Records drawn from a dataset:
***
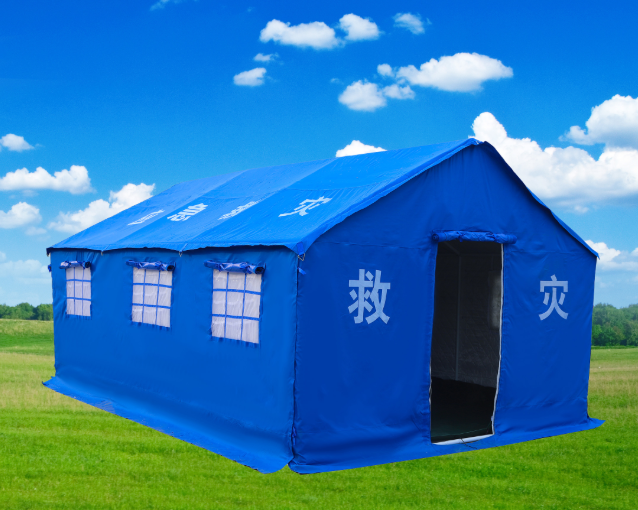 Tangshan Pengcheng Sab Nraud Khoom Co., Ltd. Nkag mus rau Middle East Kev Lag Luam los txhawb cov khoom siv thaum muaj xwm ceev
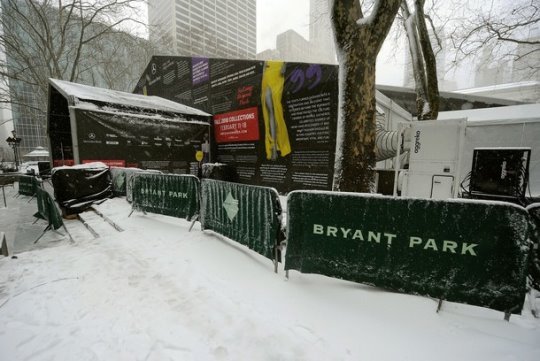 Bryant Park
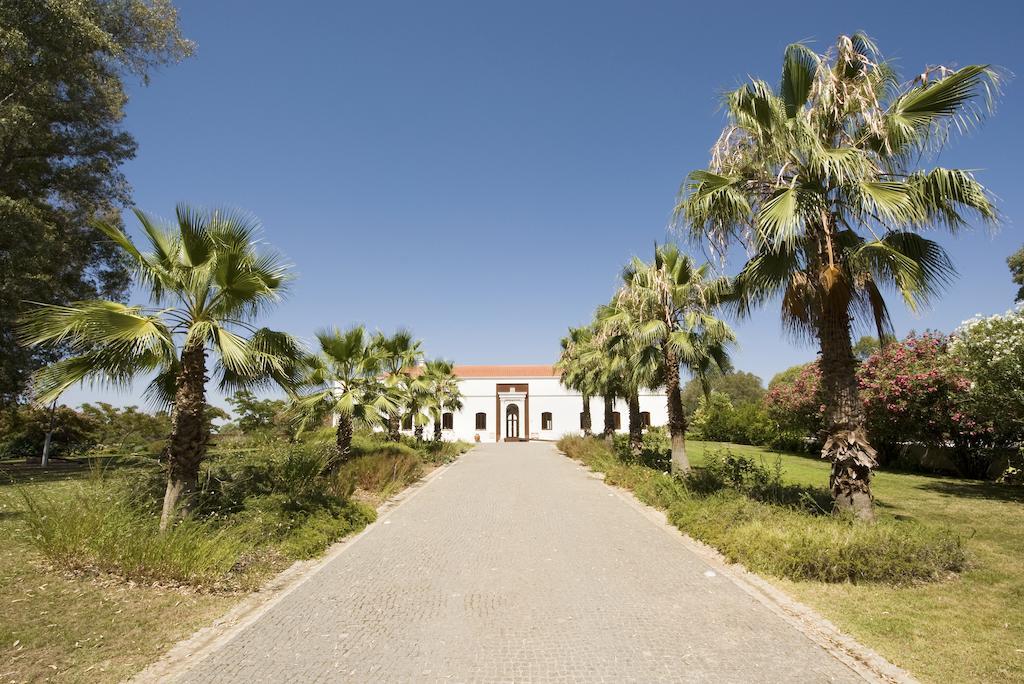 Hotel Alentejo Star - Sao Domingos - Mertola - Duna Parque &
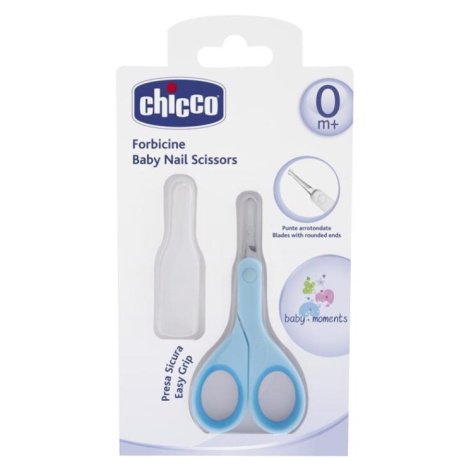 Kozmetické doplnky pre deti Chicco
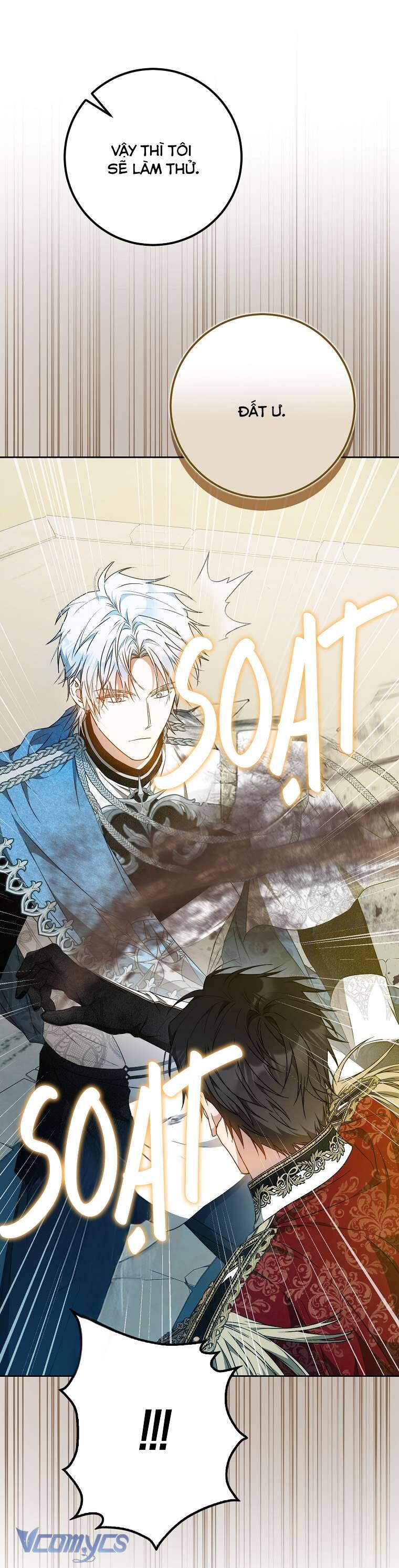 Trở Thành Vợ Của Nam Chính Tiểu Thuyết: Chapter 99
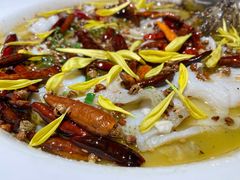 老坛子酸菜鱼-太二酸菜鱼(深圳布吉万象汇店)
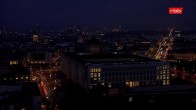 Archiv Foto Webcam Berlin: Rotes Rathaus und Berliner Dom 06:00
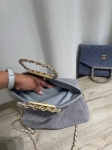 Сумка женская Chanel Артикул LUX-124388. Вид 5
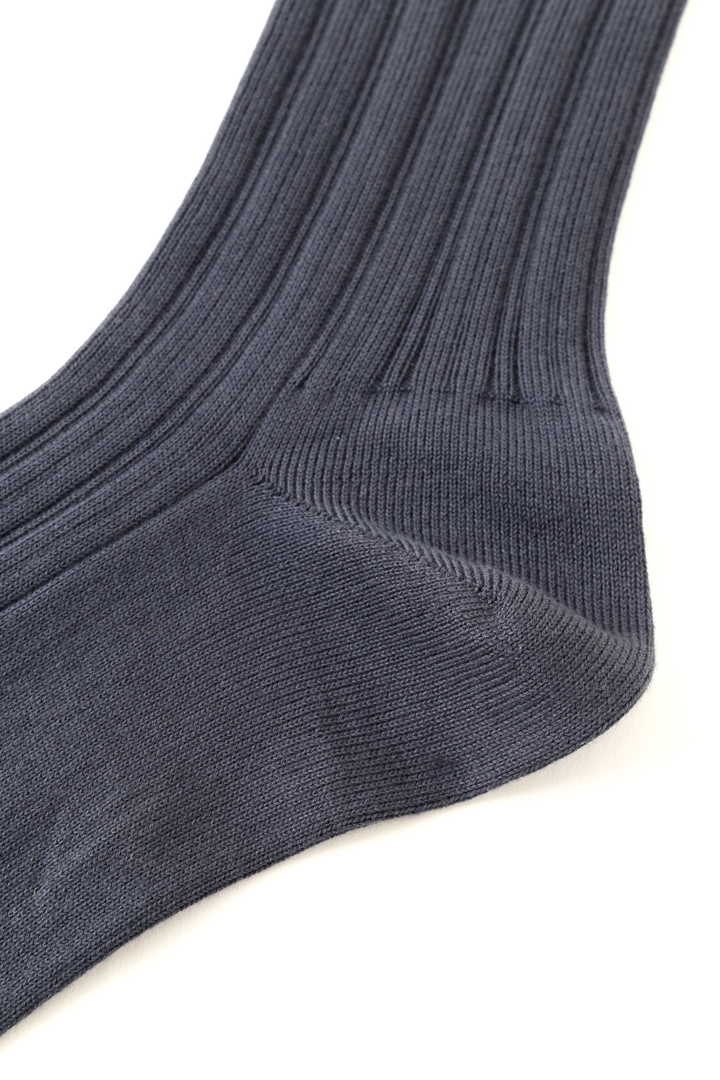 COTTON RIB SOCK3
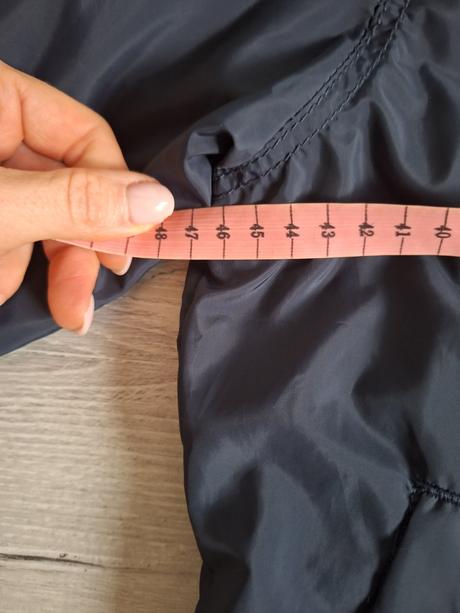 Bunda top stav, h&m,152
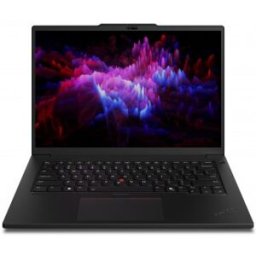 Lenovo ThinkPad P14s Gen 6 (Intel) Negro - 14.5" - Intel Core Ultra 7 - 32GB - 1000GB SSD - NVIDIA R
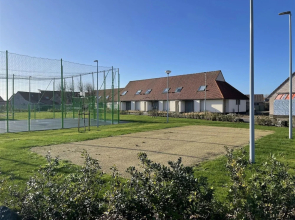 Holiday Home in Koksijde Near Sint-andre Beach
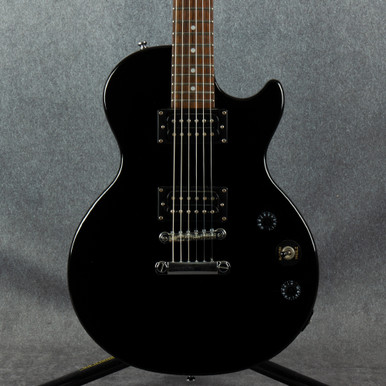 Epiphone Les Paul Special II Black 2nd Hand | Rich Tone Music
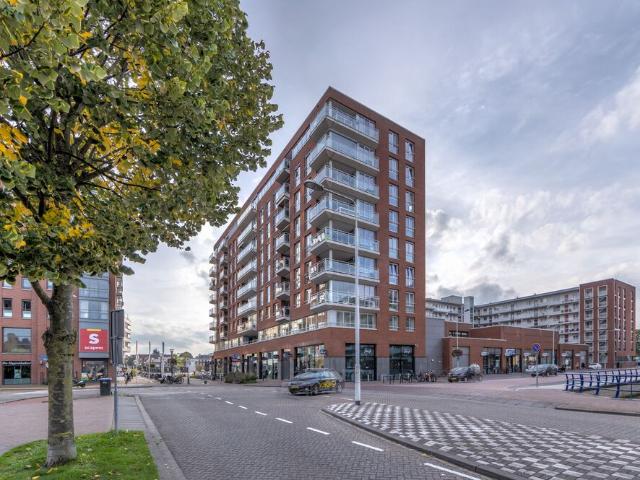 Appartement te huur in Papendrecht
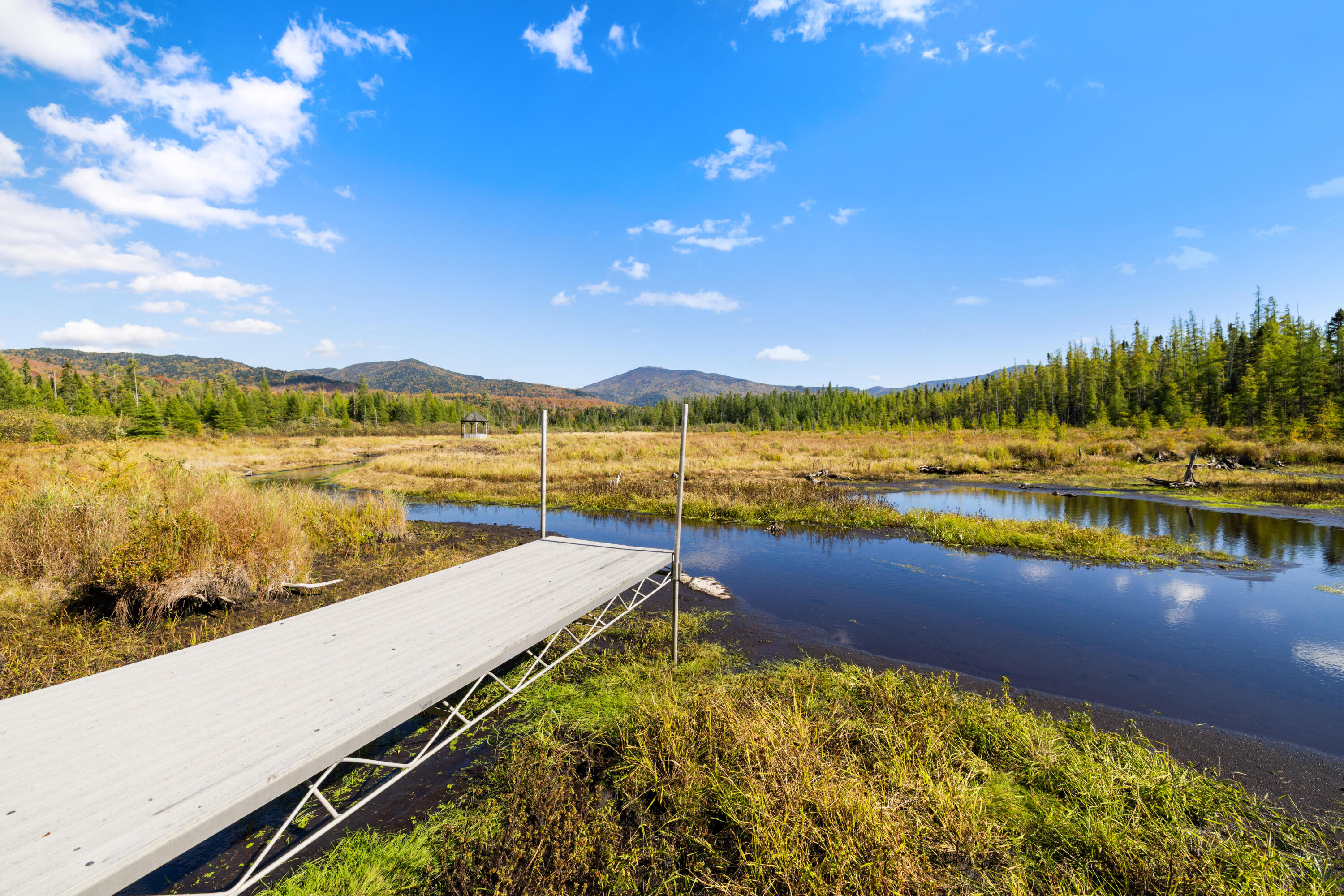 4833 Cascade Road Lake Placid NY 12946
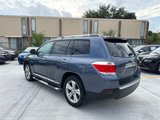 Used 2013 Toyota Highlander Limited image 5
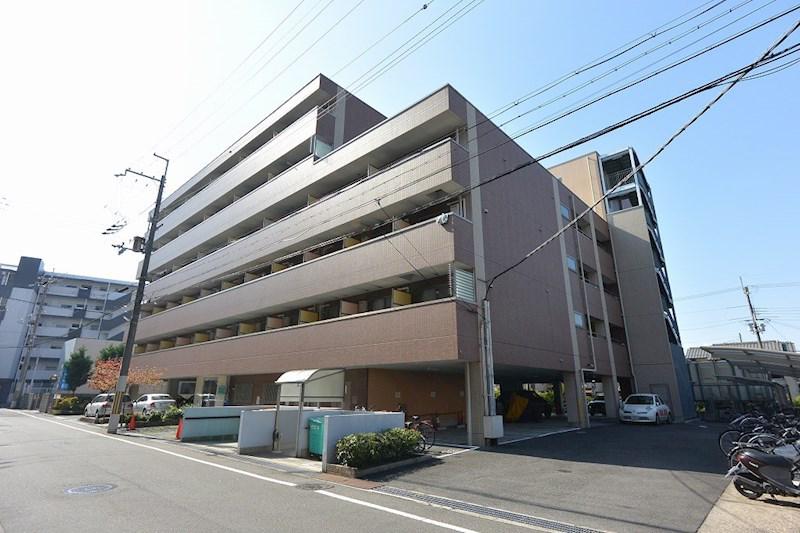 M PLAZA津田駅前12番館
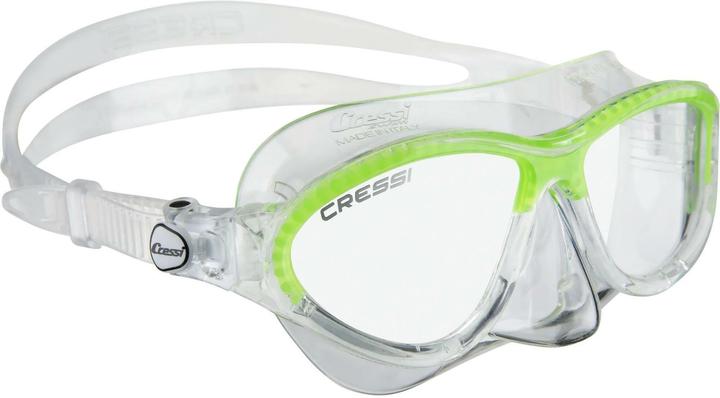Citron vert, Lucide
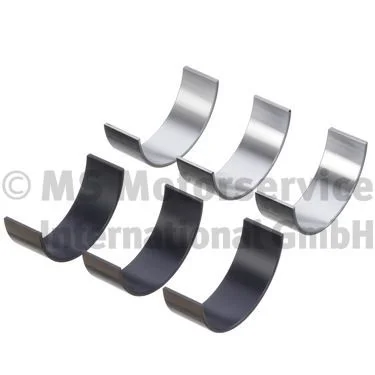 Connecting Rod Bearing Shell Set KOLBENSCHMIDT 37260600
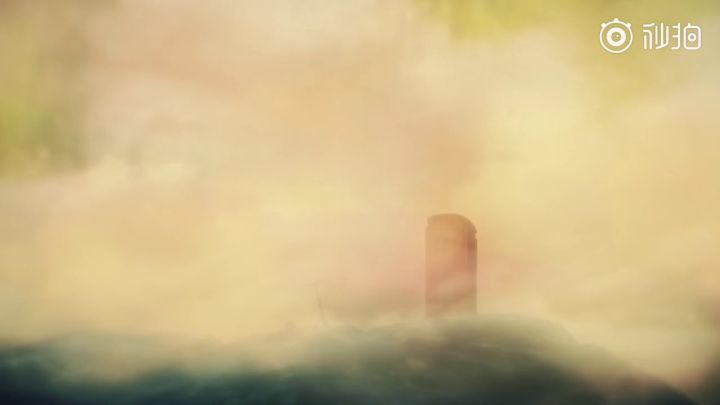 《比宇宙更远的地方》团队再集结，剧场版动画《Goodbye, DonGless!》预告公开截图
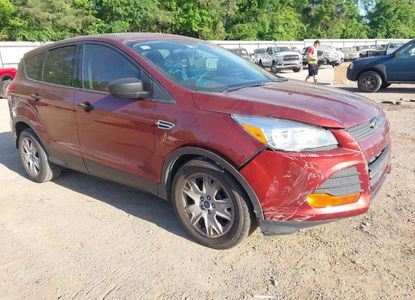 Raport pojazdu dla VIN 1FMCU0F73GUA09294 - Obraz 1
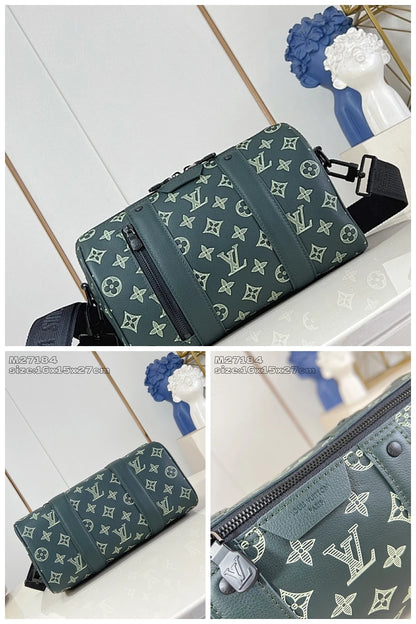 NB - LOV Bag - 832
***
Start with the first line of the records above and end with the line containing "Archiv Foto Webcam". Output those lines exactly, pictures excluded.

 Tangshan Pengcheng Sab Nraud Khoom Co., Ltd. Nkag mus rau Middle East Kev Lag Luam los txhawb cov khoom siv thaum muaj xwm ceev
 Bryant Park
 Hotel Alentejo Star - Sao Domingos - Mertola - Duna Parque &
 Kozmetické doplnky pre deti Chicco
 Trở Thành Vợ Của Nam Chính Tiểu Thuyết: Chapter 99
 老坛子酸菜鱼-太二酸菜鱼(深圳布吉万象汇店)
 Archiv Foto Webcam Berlin: Rotes Rathaus und Berliner Dom 06:00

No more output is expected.